- Born: Anna Dmitrievna Lyubimova 3 September 1913
- Died: 25 December 2010 (aged 97)
- Occupation: Technician
- Known for: Wife of Konstantin Chernenko

= Anna Chernenko =

Belarusian woman specialized in agriculture (1913–2010)

Anna Chernenko (Анна Черненко, née Lyubimova; 3 September 1913 – 25 December 2010) was the wife of Soviet leader Konstantin Chernenko.

==Biography==
Anna Dmitrievna Lyubimova was born into an illiterate family and joined the Pioneer movement and Komsomol in the 1930s. She was educated as a tractor technician.

She was the second wife of Konstantin Chernenko, and the couple had three children: a son and two daughters. She served as the director of the University of Culture. In addition, she worked for Moscow cultural organizations for nearly thirty years, particularly in the house on Kutuzovsky Prospekt. However, Anna left professional life later due to the objection of her sister-in-law who insisted that she should focus on her family.

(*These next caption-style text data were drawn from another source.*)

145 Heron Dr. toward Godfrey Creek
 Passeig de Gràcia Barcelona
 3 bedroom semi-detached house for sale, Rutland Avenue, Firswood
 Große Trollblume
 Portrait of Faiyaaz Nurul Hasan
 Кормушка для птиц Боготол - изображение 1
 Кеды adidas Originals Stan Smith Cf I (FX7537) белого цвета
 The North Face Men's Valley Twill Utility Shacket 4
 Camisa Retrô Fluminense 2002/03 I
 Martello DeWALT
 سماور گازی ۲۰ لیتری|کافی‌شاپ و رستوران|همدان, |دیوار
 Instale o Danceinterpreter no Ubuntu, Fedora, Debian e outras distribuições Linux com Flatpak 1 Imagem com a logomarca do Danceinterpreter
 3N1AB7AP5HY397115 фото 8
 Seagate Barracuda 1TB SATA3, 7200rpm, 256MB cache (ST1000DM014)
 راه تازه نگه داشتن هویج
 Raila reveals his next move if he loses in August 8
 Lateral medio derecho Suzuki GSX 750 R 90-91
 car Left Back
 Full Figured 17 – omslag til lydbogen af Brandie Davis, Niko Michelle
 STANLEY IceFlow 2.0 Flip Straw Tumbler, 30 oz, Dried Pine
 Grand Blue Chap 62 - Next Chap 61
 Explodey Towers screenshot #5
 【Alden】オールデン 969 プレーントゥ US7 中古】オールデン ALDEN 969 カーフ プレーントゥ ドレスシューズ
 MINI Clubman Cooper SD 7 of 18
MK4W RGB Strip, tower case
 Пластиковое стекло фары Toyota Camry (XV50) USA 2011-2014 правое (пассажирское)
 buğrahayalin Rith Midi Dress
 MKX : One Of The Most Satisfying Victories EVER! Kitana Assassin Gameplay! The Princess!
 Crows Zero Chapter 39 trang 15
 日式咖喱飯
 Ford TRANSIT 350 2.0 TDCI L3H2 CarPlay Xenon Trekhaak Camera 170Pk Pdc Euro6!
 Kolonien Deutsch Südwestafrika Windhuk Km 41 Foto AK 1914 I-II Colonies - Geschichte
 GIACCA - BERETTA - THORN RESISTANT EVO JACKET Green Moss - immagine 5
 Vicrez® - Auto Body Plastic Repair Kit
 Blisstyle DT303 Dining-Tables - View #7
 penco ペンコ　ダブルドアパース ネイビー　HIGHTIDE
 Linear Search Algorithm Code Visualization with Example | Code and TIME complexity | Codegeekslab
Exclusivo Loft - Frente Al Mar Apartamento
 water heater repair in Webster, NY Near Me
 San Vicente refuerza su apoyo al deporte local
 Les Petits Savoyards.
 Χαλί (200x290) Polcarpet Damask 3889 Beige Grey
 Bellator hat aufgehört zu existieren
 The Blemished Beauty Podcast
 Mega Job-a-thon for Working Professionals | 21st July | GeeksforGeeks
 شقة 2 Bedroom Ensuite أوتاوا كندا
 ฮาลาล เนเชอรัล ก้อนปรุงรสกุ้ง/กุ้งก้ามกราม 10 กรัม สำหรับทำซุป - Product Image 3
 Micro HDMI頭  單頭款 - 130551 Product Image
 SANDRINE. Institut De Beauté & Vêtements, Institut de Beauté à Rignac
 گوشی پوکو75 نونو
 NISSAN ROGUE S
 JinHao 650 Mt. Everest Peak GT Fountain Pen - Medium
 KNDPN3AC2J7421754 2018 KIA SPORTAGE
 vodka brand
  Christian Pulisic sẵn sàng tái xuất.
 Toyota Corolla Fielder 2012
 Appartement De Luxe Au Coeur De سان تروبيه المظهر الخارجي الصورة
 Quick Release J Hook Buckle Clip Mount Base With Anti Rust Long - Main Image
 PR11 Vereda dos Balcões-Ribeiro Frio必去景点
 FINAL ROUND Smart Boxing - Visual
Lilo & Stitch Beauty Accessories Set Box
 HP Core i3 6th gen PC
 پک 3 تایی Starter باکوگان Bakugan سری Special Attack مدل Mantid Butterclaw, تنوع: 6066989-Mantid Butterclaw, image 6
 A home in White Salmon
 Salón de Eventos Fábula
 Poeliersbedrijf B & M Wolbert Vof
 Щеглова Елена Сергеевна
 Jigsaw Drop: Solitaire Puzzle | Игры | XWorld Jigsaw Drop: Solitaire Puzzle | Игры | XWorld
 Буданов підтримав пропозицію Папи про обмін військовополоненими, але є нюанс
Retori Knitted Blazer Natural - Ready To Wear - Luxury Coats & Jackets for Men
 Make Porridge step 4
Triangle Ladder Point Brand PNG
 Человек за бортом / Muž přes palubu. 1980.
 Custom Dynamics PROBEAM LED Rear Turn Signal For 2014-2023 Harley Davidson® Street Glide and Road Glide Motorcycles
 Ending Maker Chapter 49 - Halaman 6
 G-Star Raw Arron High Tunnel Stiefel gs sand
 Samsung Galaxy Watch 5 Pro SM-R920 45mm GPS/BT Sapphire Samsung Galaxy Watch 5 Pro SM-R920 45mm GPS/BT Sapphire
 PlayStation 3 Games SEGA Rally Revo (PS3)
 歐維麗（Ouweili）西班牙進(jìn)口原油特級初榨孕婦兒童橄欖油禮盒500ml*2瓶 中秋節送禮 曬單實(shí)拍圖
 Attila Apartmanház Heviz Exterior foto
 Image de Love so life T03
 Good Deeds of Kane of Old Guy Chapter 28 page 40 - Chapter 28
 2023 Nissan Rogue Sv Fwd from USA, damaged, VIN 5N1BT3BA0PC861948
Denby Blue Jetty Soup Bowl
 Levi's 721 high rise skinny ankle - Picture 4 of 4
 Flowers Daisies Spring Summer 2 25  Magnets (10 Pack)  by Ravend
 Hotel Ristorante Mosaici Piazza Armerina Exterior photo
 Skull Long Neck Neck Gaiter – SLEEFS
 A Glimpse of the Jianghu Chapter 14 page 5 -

Anna's husband, Konstantin Chernenko, served as the Soviet head of state from 11 April 1984 to 10 March 1985. She reportedly protested over the election of her husband as party leader in 1984, saying "his health would never stand the strain." When a red telephone line was installed in their bedroom following the appointment of Chernenko it was kept on her side of the bed. She answered the calls and mostly refused to wake him. During this period, she was the patron of Soviet movies.

Anna was described as a modest, kind, shy and courageous woman. She was not a public figure like other spouses of the Soviet leaders and was seen with her husband in parliamentary elections in March 1984. The other public appearance was in her husband's funeral in March 1985.